* _What you have to do_: From the line containing "GDPR Cookie Consent" to the line containing "10 Pack Congrats" in the entries below, reproduce every line exactly, ends included. Nothing else belongs in the copy, and no pictures.

Listed records section start

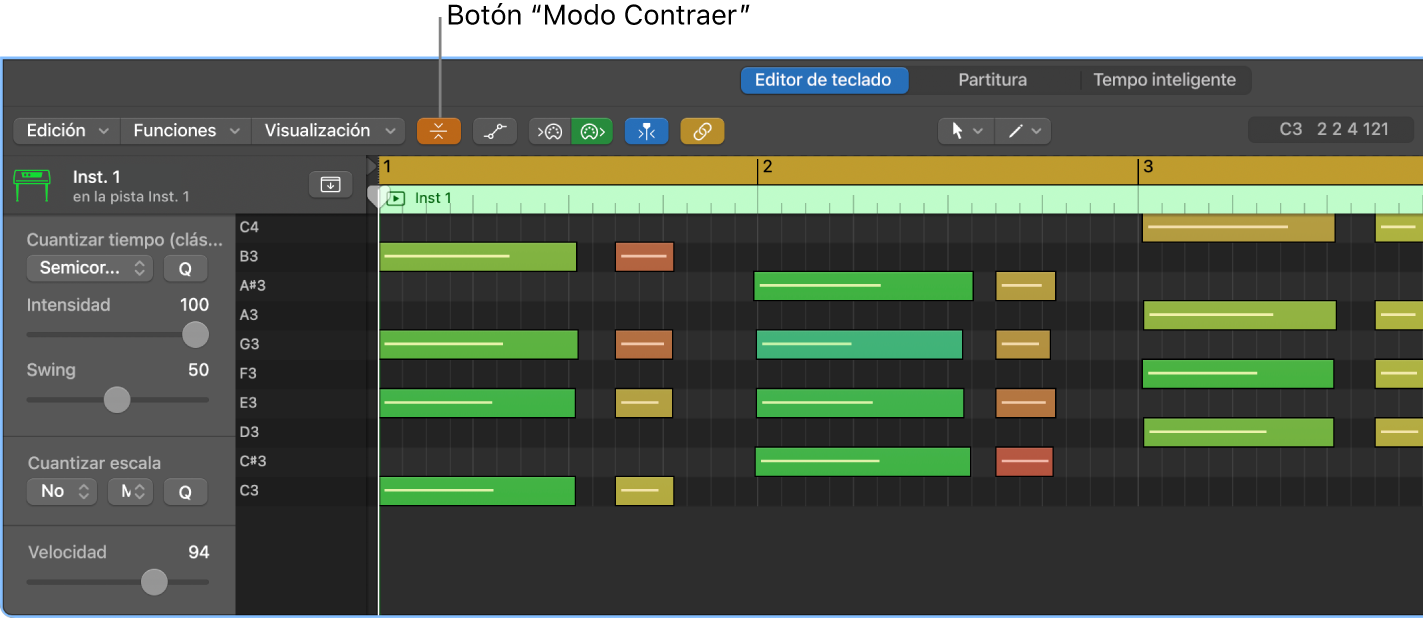 Ilustración. Editor de teclado, con el botón “Modo Contraer” resaltado.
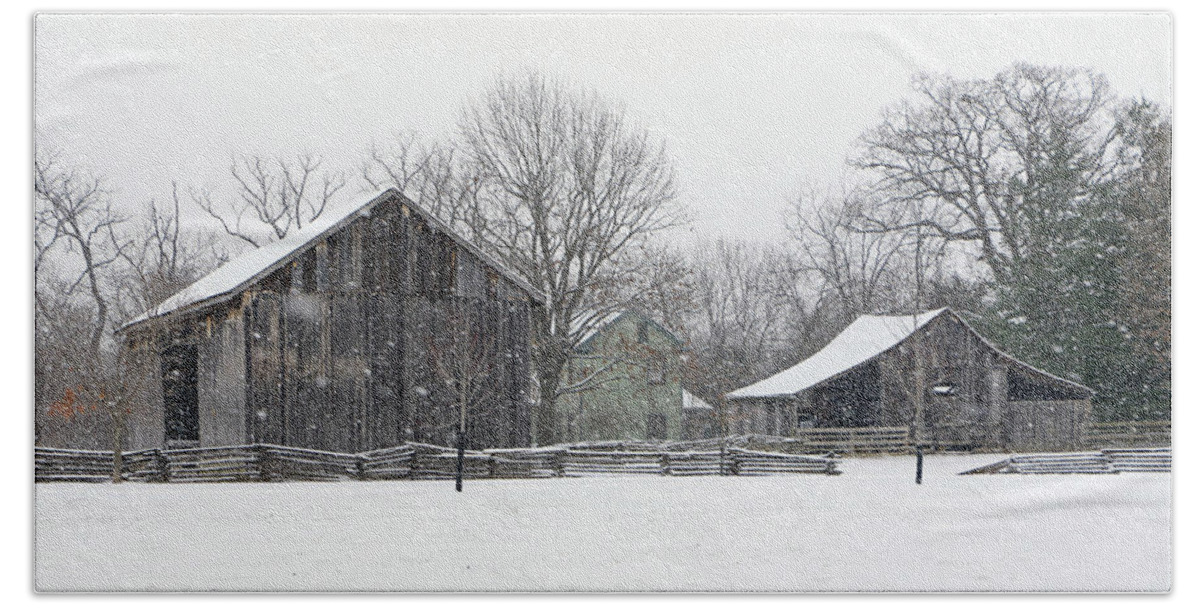 Schlueter Barn Hand Towel featuring the photograph Snowy Day at the Farm by Christopher McKenzie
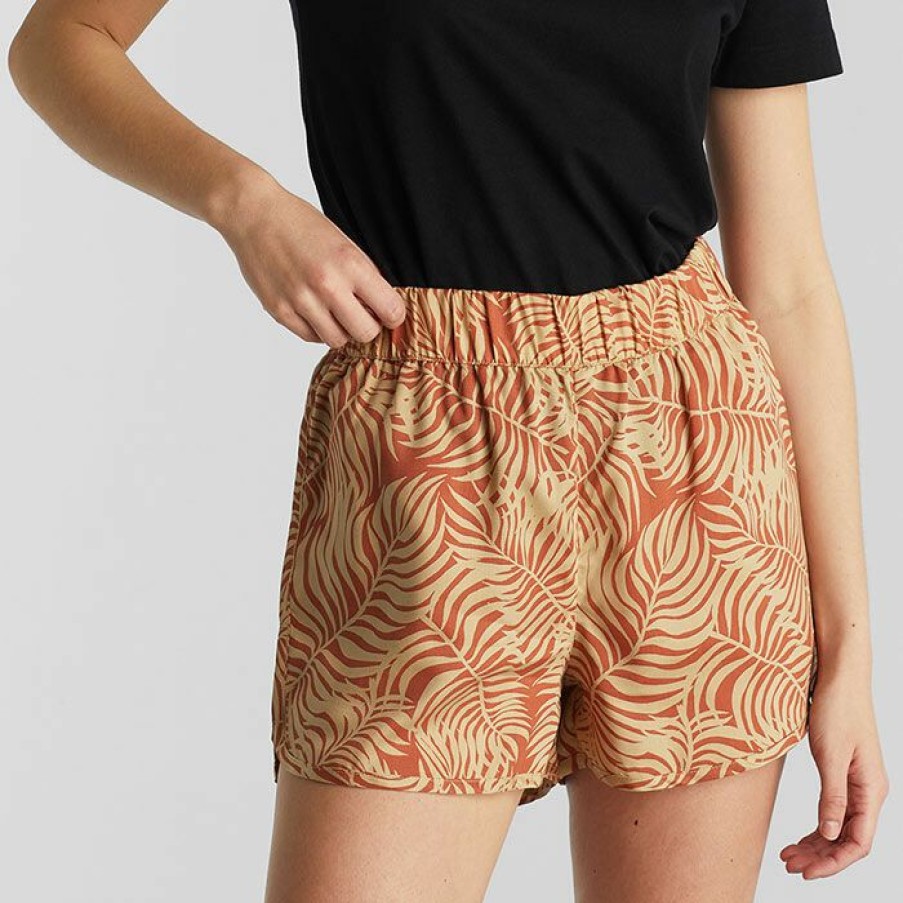 Shorts * | Buy Dedicated Women'S Sandvika Palm Leaves Short Orange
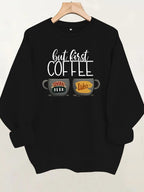 Coffee cup printed fleece hoodie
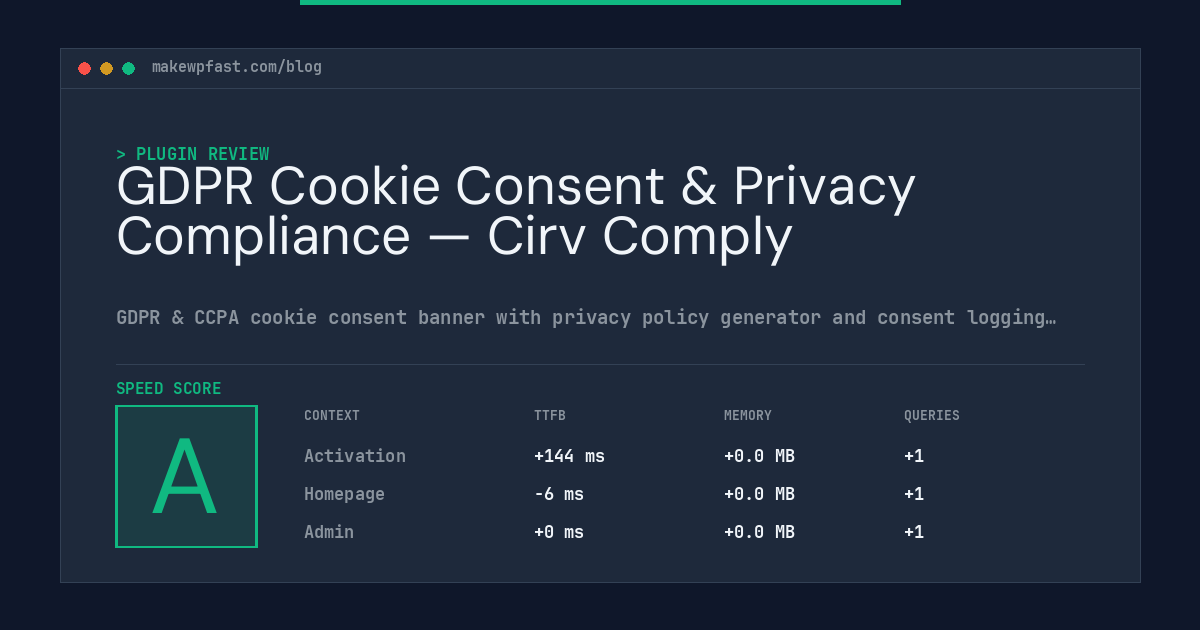GDPR Cookie Consent & Privacy Compliance — Cirv Comply - MakeWPFast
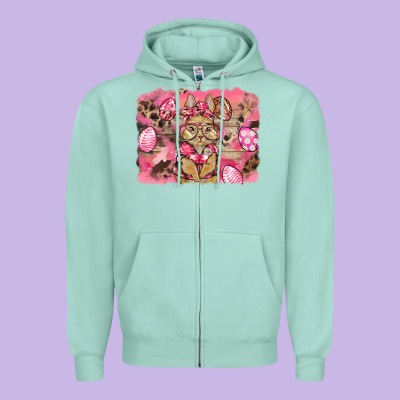 Pink Camouflage Bunny Background Zipper Hoodie Designed By Barkaloodesign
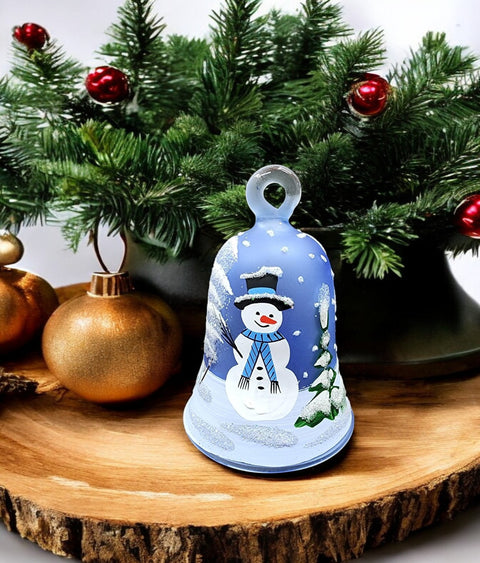 Light Blue Blown Glass Bell Ornament –  Snowman Design with Clapper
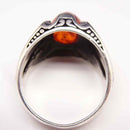 925 Sterling Silver Round Orange Amber Stone Mens Ring silverbazaaristanbul 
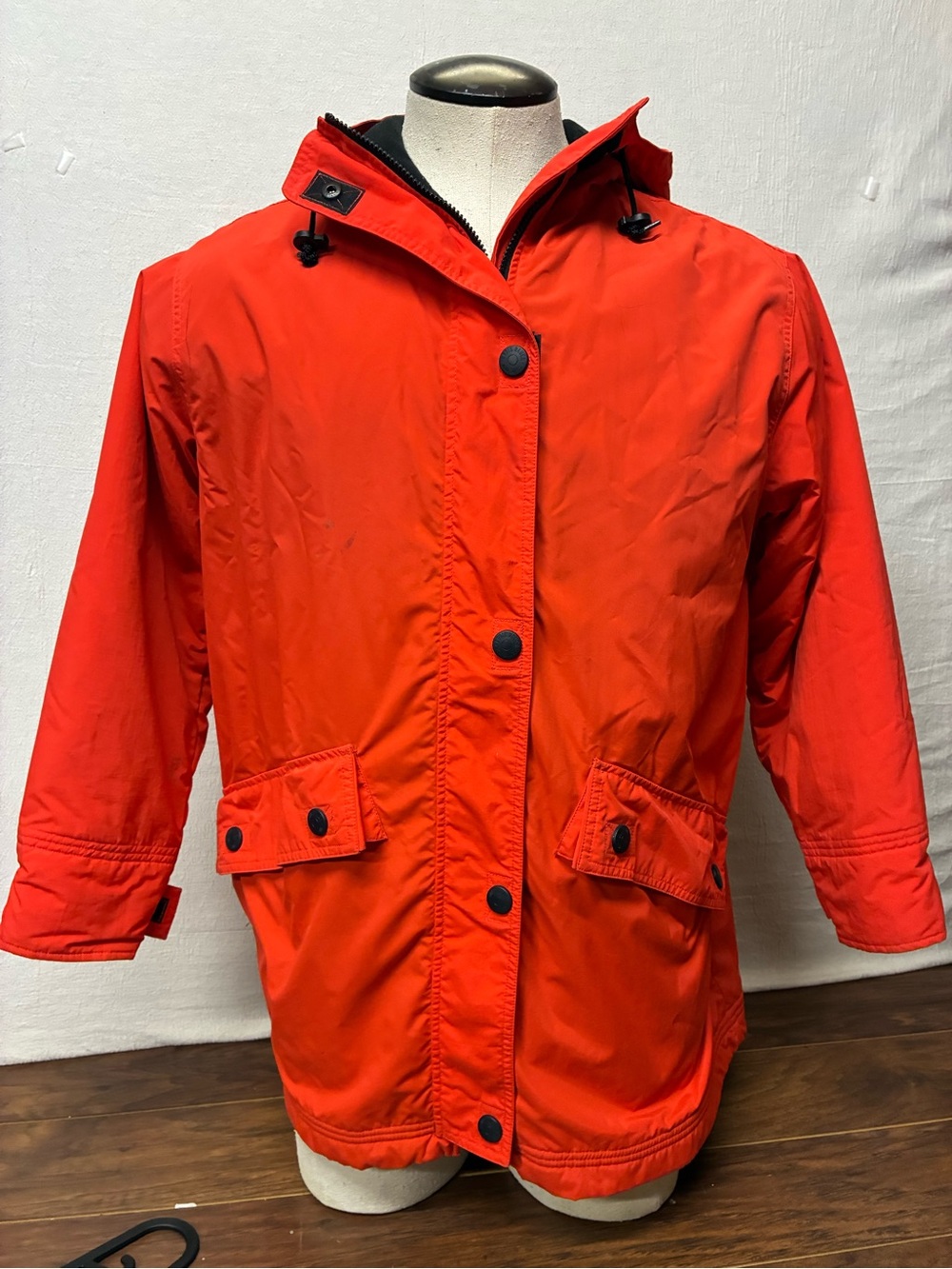 Vintage 90s Eddie Bauer Polartec Fleece Lined Parka Womens Small Orange USA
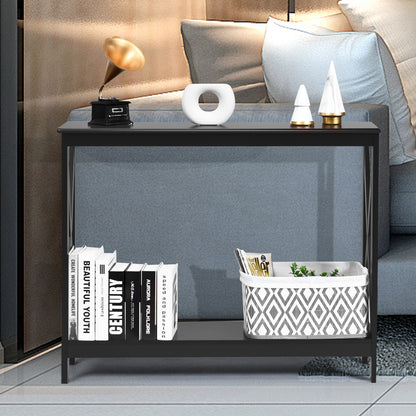 Industrial 2-Tier Narrow Console Table with Storage Shelf for Entryway-Black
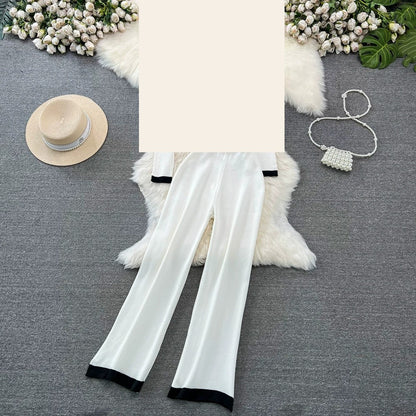 Fashion Suit K-style Long Sleeves Knitting Cardigan Vest Loose Pants Three-Piece Set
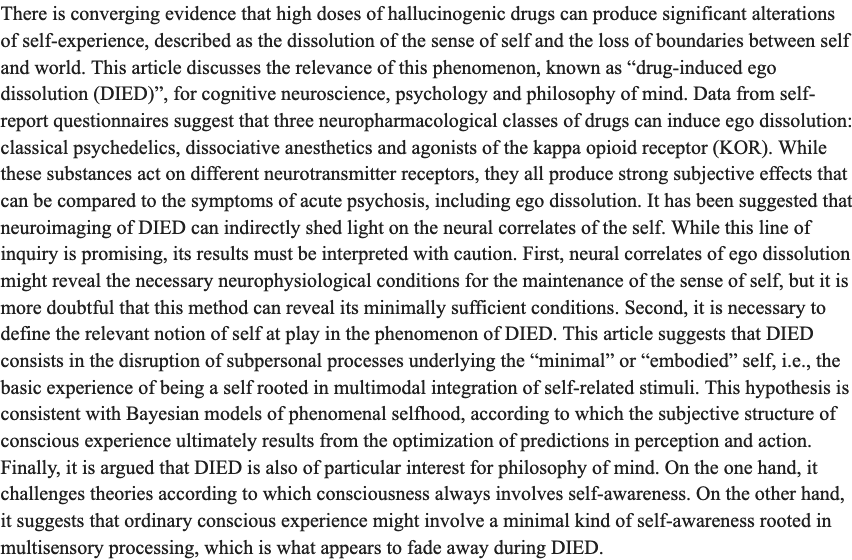Looking for the Self: Phenomenology, Neurophysiology and Philosophical Significance of Drug-induced Ego Dissolution (Milliere, 2017)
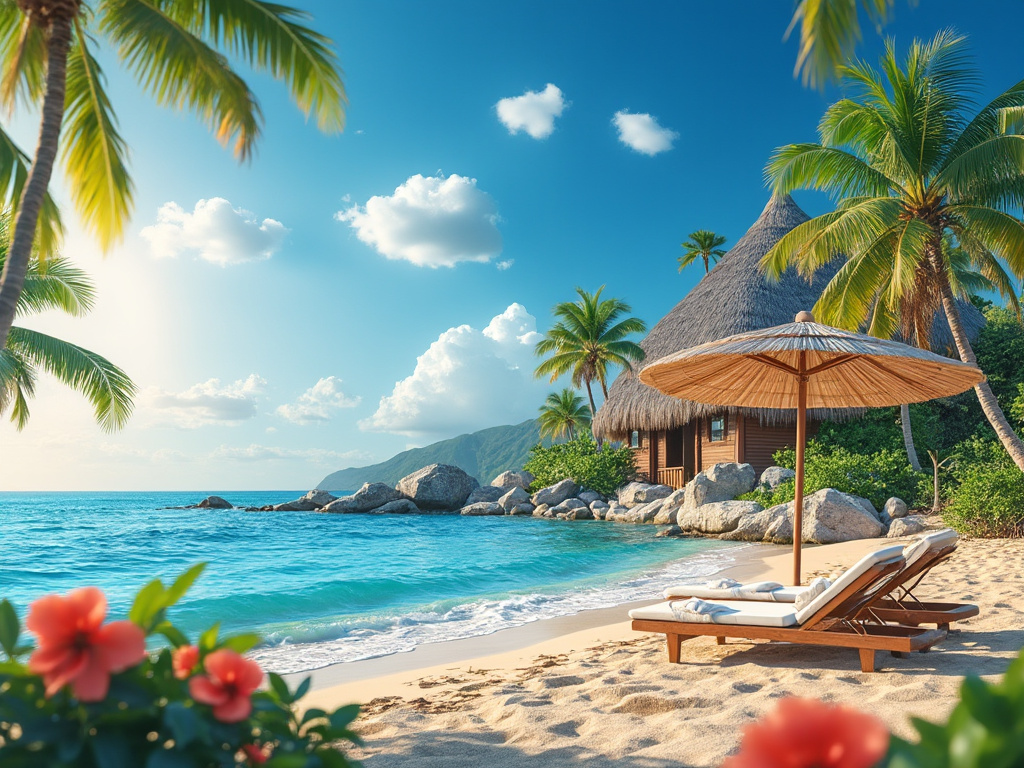 Playas tropicales con palmeras, cabañas de techo de paja, tumbonas y sombrillas junto a un mar azul cristalino bajo un cielo despejado.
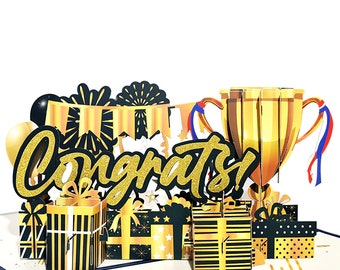 10 Pack Congrats Pop Up Card for Graduation, Wining, accomplishments, Housewarming,  3D Congratulations Greeting Cards, Congrats!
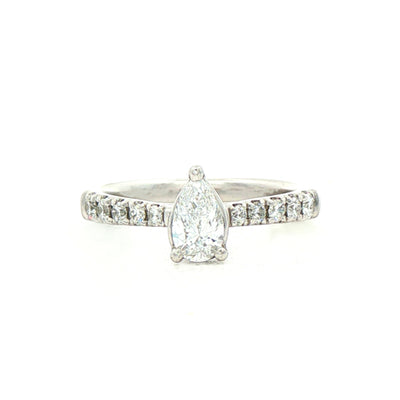 0.41ct Dvs1 Natural Diamond Pear Solitaire With Diamond Shoulders Set In Platinum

Listed records section end

* _Answer section_:
GDPR Cookie Consent & Privacy Compliance — Cirv Comply - MakeWPFast
 Pink Camouflage Bunny Background Zipper Hoodie Designed By Barkaloodesign
 Light Blue Blown Glass Bell Ornament –  Snowman Design with Clapper
 925 Sterling Silver Round Orange Amber Stone Mens Ring silverbazaaristanbul 
 Vintage 90s Eddie Bauer Polartec Fleece Lined Parka Womens Small Orange USA
 Industrial 2-Tier Narrow Console Table with Storage Shelf for Entryway-Black
 Fashion Suit K-style Long Sleeves Knitting Cardigan Vest Loose Pants Three-Piece Set
Looking for the Self: Phenomenology, Neurophysiology and Philosophical Significance of Drug-induced Ego Dissolution (Milliere, 2017)
 Playas tropicales con palmeras, cabañas de techo de paja, tumbonas y sombrillas junto a un mar azul cristalino bajo un cielo despejado.
 10 Pack Congrats Pop Up Card for Graduation, Wining, accomplishments, Housewarming,  3D Congratulations Greeting Cards, Congrats!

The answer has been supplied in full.